**YOUR GOAL**
Please write out exactly, and only, the lines from the first in the material below to the line containing "günstig online kaufen", both included.

**EXTRACTED DATA**
=== Section Start ===
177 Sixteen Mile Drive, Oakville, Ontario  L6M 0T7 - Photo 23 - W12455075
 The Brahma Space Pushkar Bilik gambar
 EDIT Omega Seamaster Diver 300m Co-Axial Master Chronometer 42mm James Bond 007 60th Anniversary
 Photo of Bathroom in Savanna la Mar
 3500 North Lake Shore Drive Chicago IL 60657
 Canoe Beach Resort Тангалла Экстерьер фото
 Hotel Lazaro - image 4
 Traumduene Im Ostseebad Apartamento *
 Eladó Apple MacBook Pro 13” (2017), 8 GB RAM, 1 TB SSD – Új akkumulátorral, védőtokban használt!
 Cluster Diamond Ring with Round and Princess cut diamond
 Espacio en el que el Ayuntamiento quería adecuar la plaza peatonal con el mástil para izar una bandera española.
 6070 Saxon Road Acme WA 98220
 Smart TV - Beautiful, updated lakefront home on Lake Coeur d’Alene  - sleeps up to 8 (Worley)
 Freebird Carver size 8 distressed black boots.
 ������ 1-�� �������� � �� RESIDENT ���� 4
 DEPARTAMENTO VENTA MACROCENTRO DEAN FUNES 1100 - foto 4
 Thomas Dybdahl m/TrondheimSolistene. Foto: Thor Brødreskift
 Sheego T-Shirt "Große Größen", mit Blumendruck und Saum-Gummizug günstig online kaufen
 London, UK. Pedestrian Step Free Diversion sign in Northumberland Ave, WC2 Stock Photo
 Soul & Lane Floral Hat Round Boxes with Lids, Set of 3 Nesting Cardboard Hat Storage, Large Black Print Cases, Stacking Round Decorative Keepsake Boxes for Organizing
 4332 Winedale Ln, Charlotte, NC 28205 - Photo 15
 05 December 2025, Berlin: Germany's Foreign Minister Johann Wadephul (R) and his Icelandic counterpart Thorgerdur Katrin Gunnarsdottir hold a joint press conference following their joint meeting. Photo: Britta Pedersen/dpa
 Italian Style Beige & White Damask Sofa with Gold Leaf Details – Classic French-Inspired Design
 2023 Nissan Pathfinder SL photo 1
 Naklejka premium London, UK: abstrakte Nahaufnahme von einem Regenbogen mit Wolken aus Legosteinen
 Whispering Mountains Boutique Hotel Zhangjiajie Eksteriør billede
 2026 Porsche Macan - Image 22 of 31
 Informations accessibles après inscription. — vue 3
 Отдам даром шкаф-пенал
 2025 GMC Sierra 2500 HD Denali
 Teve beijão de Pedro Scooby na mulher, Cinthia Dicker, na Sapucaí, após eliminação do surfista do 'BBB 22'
=== Section End ===
**SOLVED PROBLEM**
177 Sixteen Mile Drive, Oakville, Ontario  L6M 0T7 - Photo 23 - W12455075
 The Brahma Space Pushkar Bilik gambar
 EDIT Omega Seamaster Diver 300m Co-Axial Master Chronometer 42mm James Bond 007 60th Anniversary
 Photo of Bathroom in Savanna la Mar
 3500 North Lake Shore Drive Chicago IL 60657
 Canoe Beach Resort Тангалла Экстерьер фото
 Hotel Lazaro - image 4
 Traumduene Im Ostseebad Apartamento *
 Eladó Apple MacBook Pro 13” (2017), 8 GB RAM, 1 TB SSD – Új akkumulátorral, védőtokban használt!
 Cluster Diamond Ring with Round and Princess cut diamond
 Espacio en el que el Ayuntamiento quería adecuar la plaza peatonal con el mástil para izar una bandera española.
 6070 Saxon Road Acme WA 98220
 Smart TV - Beautiful, updated lakefront home on Lake Coeur d’Alene  - sleeps up to 8 (Worley)
 Freebird Carver size 8 distressed black boots.
 ������ 1-�� �������� � �� RESIDENT ���� 4
 DEPARTAMENTO VENTA MACROCENTRO DEAN FUNES 1100 - foto 4
 Thomas Dybdahl m/TrondheimSolistene. Foto: Thor Brødreskift
 Sheego T-Shirt "Große Größen", mit Blumendruck und Saum-Gummizug günstig online kaufen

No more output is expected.